▶ [What is needed] From the entries that follow, list every line in which the string "Beach" appears.

▶ [Stored data]
+ + + +

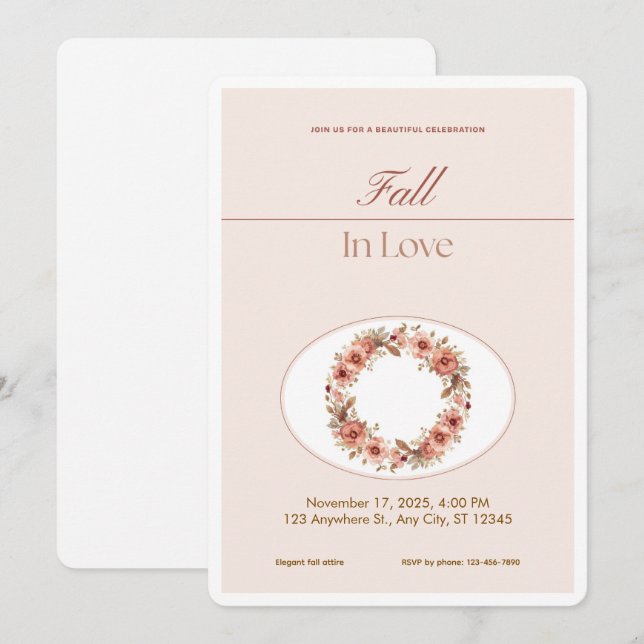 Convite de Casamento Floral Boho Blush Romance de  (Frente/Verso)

+ + + +

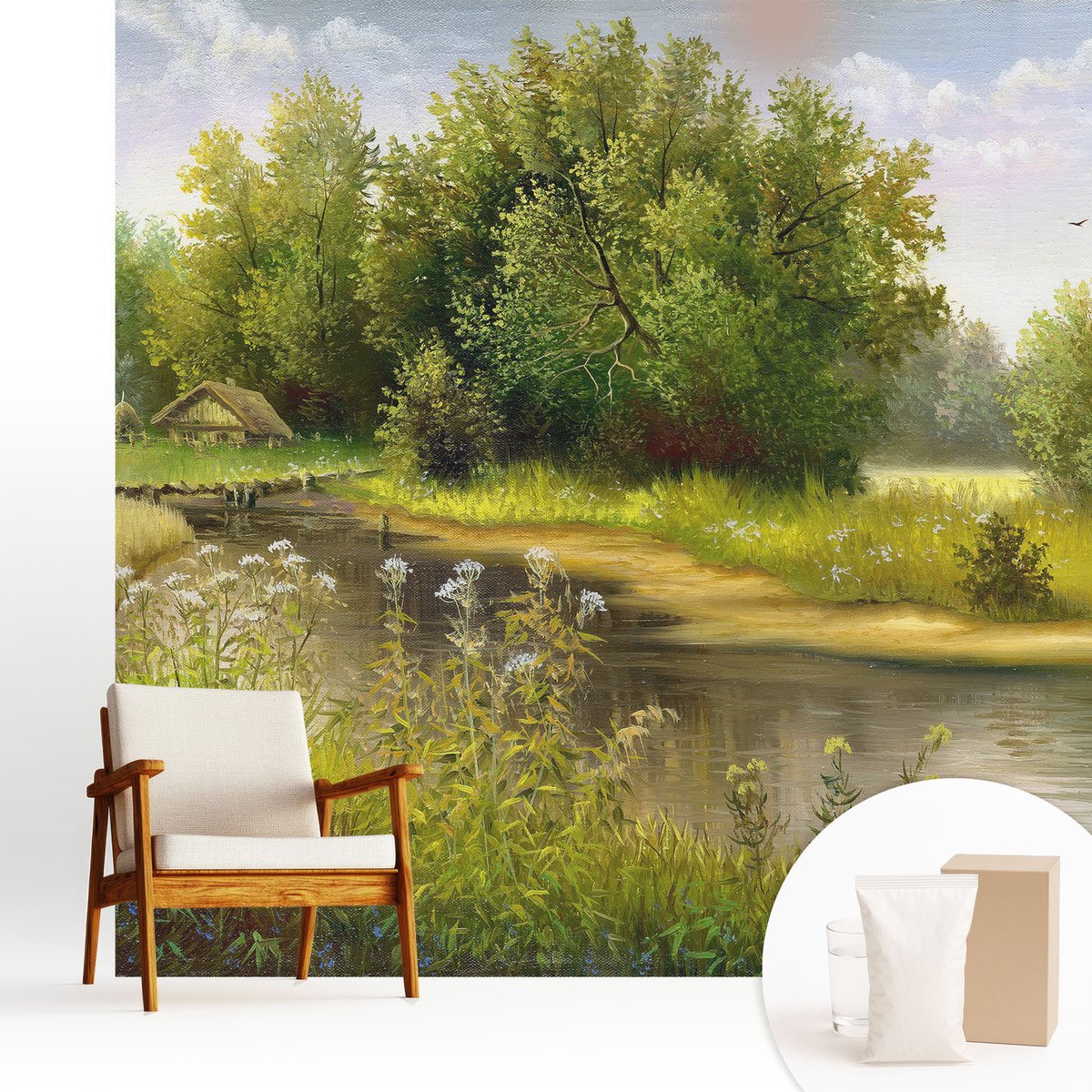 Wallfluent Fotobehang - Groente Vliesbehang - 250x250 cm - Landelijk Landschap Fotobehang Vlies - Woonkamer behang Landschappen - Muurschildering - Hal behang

+ + + +

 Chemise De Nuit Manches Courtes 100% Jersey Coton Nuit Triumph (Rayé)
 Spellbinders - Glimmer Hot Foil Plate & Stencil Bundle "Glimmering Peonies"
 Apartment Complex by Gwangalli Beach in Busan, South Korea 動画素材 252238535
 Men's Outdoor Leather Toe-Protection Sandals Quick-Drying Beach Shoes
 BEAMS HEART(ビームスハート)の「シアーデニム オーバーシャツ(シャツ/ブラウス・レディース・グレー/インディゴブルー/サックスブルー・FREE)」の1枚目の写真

+ + + +

▶ [Response for this exercise]
 Apartment Complex by Gwangalli Beach in Busan, South Korea 動画素材 252238535
 Men's Outdoor Leather Toe-Protection Sandals Quick-Drying Beach Shoes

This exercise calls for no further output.